| THE TASK |
Omit the pictures, then reproduce every remaining record exactly.

| RECORD EXCERPTS |
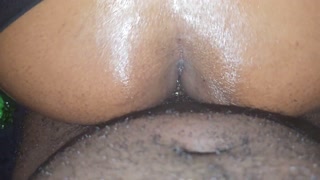 Tore up her favorite leggings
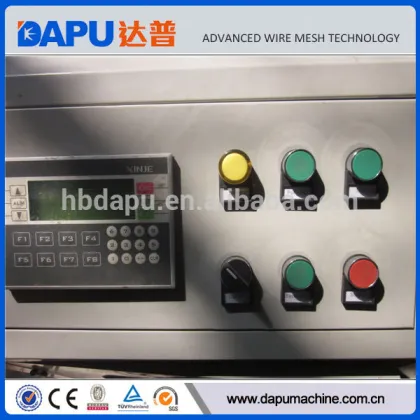 Anti-theft doors window steel mesh flooring making machine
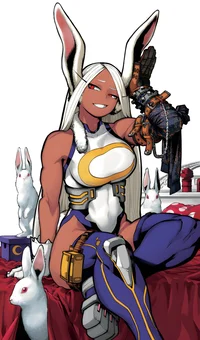 Rumi Usagiyama Mirko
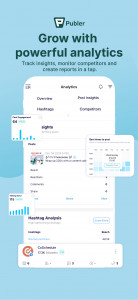 اسکرین شات 7 برنامه Publer: Social Media Tools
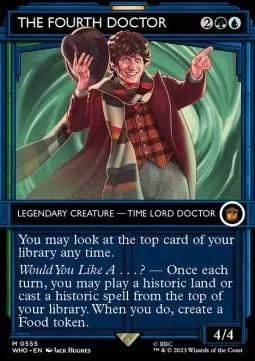 The Fourth Doctor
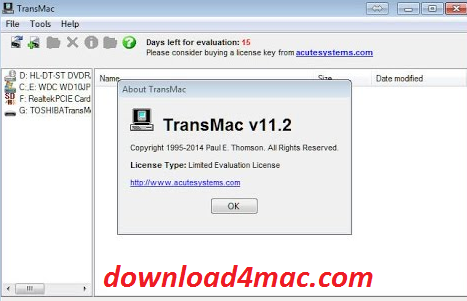 transmac for mac os x download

| WRITTEN RESPONSE |
 Tore up her favorite leggings
 Anti-theft doors window steel mesh flooring making machine
 Rumi Usagiyama Mirko
 اسکرین شات 7 برنامه Publer: Social Media Tools
 The Fourth Doctor
 transmac for mac os x download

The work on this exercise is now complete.